Janice Ettle

Personal information
- Born: December 3, 1958 (age 67) Stearns County, Minnesota, United States

Sport
- Sport: Marathon running

= Janice Ettle =

American runner

Janice Ettle (born December 3, 1958) is an American middle-distance and long-distance runner, winner of major marathons and top finisher in dozens of road races, as well as a competitor at the 1987 World Marathon Cup and fourth-place finisher at the Havana, Cuba, 1991 Pan American Games women's marathon. Ettle was a five-time competitor at the US Olympic Marathon Trials.

==Professional career==
In 1980, she won the Las Vegas Celebrity Sun Marathon in 2:47:50. In 1982, Ettle won Grandma's Marathon in Duluth, Minnesota in 2:41:21. She also came in second in the Honolulu Marathon that year (2:43:46). The same year, she won the Thunder Bay Half Marathon (1:15:50), and the Dallas 20K (1:13:48).

Between 1986 and 1990, Ettle finished in the top five for the woman's US National Championship in the marathon.

In 1984, Ettle finished sixth in the first woman's United States Olympic marathon trials, in 2:33:41, just ahead of Nancy Ditz. It was the 18th best marathon time by a US woman. Joan Benoit, who won the race, later won the gold medal in the event at the Olympics.

She ran in four more US Olympic Marathon Trials. In 1992, she finished 10th; and 20th in 1988.

In 1984, Ettle won the Freihofer's Run for Women. Also in 1984, Ettle came in third at the Philadelphia Distance Classic Half Marathon, a race with 7,300 runners. She ran a 1:12:01, finishing behind Joan Benoit and Judi St. Hilaire.

She was the winner of the 1985 Twin Cities Marathon in Minneapolis-St. Paul, Minnesota, when she posted the ninth best time that year in the United States for women: 2:35:47.

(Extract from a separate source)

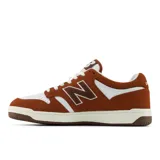 Championes urbanos New Balance modelo 480, con diseño inspirado en el baloncesto. Presentan una combinación de colores en tonos marrón y blanco, con el logo 'N' característico en los laterales, suela de goma resistente tipo cupsole y cierre con cordones.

In 1986, Ettle ran and won the Alaska 10-K Classic, a race that offered a showdown of many top American runners, including Alberto Salazar and Don Clary, who won for the men and said "if Janice wouldn't have been here, I couldn't have done it." She finished in 33:43. The next month, on route to a fifth-place finish in the Twin Cities Marathon, just missed getting hit by a car on Summit Avenue in St. Paul, Minnesota. Unfortunately, Laura Albers was struck. Ettle witnessed her skid on the ground, get up, and keep running to finish sixth.

The year 1987 saw Ettle compete on the global stage at the 1987 World Marathon Cup, where she finished first for the American women and 14th overall in a time of 2:37:02.

She earned a trip to Havana, Cuba for the 1991 Pan American Games women's marathon on the US team, and she finished fourth in 2:49:22. The US took second overall in the competition.

She was also a winner of many other 10K, 5K, 10-mile races, as well as marathons and half marathons, including the North Country Marathon in Walker, Minnesota, the City of Lakes 25K run. Ettle won the City of Lakes 25K twice, in 1985 (1:29:12) and 1992 (1:32:49).

Ettle qualified for and raced in the 1992 United States Olympic Trials for the 10,000 meter race.

==Early and personal life==
Ettle grew up in Stearns County, Minnesota. She began running in 1974 and set girl’s high school records in the state. The high school sports association named her the 1977 Track and Field Athlete of the Year.
She graduated from Albany High School in 1977. Instead of moving away to college, she went to Alexandria Technical and Community College. She became a medical laboratory technician.

Later in life she coached and assisted many emerging runners in Minnesota. She is known for her kindness and mental toughness. Ettle has been inducted into the Albany High School Hall of Fame and the University of Minnesota Track and Field Hall of Fame. Ettle later lived near Minneapolis where she worked as a dental hygienist.